What to produce - Repeat the data that follows exactly, starting at the line with "KOXINA 黃土球蓮蓬頭, 透明, 2個" and ending at the line with "Office relocation planning", and leave out every picture.

Extracted data -
Start of Block
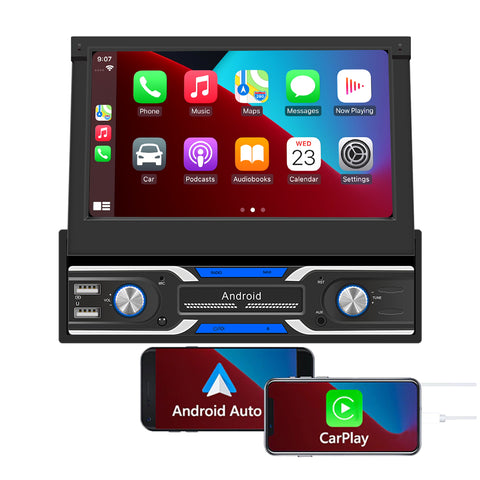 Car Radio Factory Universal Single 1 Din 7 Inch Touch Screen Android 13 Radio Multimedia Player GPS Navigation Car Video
End of Block
Start of Block
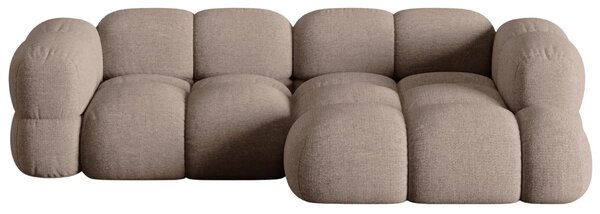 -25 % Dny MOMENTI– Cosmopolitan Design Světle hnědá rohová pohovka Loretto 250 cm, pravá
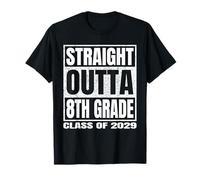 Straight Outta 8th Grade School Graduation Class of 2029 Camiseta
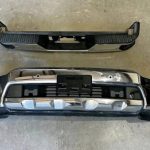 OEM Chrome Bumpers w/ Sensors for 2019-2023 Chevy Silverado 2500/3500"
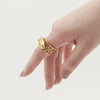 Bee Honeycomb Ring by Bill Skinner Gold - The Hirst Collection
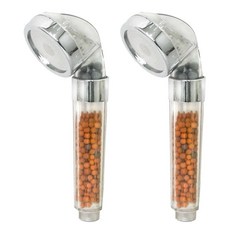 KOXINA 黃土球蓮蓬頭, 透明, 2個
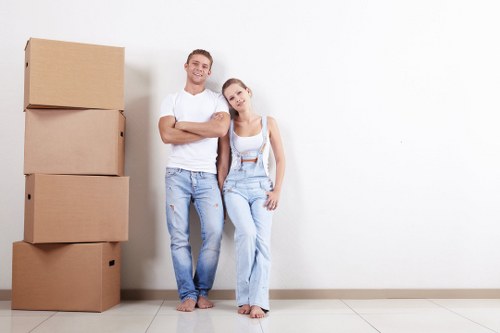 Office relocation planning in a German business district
End of Block
Result for this exercise -
 KOXINA 黃土球蓮蓬頭, 透明, 2個
 Office relocation planning in a German business district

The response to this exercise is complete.